# Electric fence



## Hobbyfarmer (Sep 7, 2011)

Anyone use one? What's your feedback/reviews? How easy is it to move? I was thinking of a 4 strand system similar to this. http://www.premier1supplies.com/fencing ... ence_id=86

We are looking to set one up on about 1/4 acre this weekend. The plan is to have it be portable move the goats around every few months so they can have fresh browse and keep the pasture down. They will still have barn access and free choice alfalfa hay, water minerals, and all that good stuff.

This will need to contain 2 full sized dairy does, 1 seven month old dairy doeling, and 3 two week old bucklings. It will go inside our existing vinyl horse fencing which they can easily wander through. They are all well behaved, friendly and used to people.


----------



## liz (Oct 5, 2007)

I have my ND in a 4 hot strand fence... fiberglass posts are easily moved too, my fence is just abot 2 1/2 feet high, the only one I've had jump over the fence is my wether Teddy and I had to put another strand up at the top of the posts.

I used 6 ft T-posts as my corner posts for stability..... for containing kids, my bottom 2 strands are 5 inches from the ground and then 4 inches up from the bottom wire....for standards you can likely go with a larger expanse.

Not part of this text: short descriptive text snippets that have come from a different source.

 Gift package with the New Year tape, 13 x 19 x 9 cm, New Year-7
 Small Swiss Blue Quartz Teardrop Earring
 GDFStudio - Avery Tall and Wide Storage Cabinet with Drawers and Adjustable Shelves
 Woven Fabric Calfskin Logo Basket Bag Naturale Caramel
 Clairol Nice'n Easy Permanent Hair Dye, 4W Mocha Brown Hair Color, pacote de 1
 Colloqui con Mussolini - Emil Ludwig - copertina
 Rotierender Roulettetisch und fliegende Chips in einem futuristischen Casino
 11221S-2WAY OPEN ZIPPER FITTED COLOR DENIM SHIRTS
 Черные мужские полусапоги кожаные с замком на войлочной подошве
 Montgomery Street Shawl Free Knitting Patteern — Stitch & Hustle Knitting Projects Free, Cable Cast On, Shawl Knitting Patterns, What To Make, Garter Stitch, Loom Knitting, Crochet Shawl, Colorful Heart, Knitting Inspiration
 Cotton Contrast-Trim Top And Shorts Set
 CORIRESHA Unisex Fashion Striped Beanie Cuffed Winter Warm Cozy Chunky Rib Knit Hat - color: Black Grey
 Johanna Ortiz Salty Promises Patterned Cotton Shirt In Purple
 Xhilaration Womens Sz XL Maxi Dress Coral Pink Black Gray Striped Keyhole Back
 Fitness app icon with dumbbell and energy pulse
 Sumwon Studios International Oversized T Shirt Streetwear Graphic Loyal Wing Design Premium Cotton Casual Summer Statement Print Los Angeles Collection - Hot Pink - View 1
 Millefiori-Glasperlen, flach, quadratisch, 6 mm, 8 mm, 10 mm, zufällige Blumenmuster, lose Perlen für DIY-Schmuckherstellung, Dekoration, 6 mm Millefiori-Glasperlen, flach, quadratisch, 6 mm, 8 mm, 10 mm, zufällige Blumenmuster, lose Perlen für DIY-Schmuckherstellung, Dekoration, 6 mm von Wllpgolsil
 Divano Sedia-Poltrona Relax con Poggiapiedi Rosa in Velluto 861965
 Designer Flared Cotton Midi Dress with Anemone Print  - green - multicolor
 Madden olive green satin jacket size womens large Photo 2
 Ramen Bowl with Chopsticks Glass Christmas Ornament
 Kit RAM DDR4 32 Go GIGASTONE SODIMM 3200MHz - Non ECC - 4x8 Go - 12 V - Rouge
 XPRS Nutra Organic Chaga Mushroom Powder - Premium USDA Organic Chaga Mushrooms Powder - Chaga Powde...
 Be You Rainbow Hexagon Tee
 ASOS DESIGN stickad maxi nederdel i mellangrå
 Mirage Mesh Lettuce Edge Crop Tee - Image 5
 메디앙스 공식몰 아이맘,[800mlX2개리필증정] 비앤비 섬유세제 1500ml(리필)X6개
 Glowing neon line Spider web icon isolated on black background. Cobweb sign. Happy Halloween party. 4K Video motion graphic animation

*edited to add that I use aluminum wire and a Zareba fencer*


----------



## BareCreekFarm (Nov 20, 2011)

I have not used that specific fence that you are talking about, because all of our fences are permanent. But ALL of our fence chargers are from Premier1, they are the best quality and they provide the best customer service! Our fence charger melted in a barn fire (we did not lose the barn ray and Premier1 is repairing it instead of making us buy a new one!


----------



## .:Linz:. (Aug 25, 2011)

I can't speak for the portability of the fence because our fence is permanant, nor the brand because I don't know what brand our charger is, but we have a 5-strand, high-tensile electric fence, well actually 6 strand in the goat pasture because Dad added a bottom wire (the pasture was originally fenced for cows/horses) and it works well. Only 3 strands are hot - top, middle, and bottom - and the second wire has the white coating for better visibility for the animals.


----------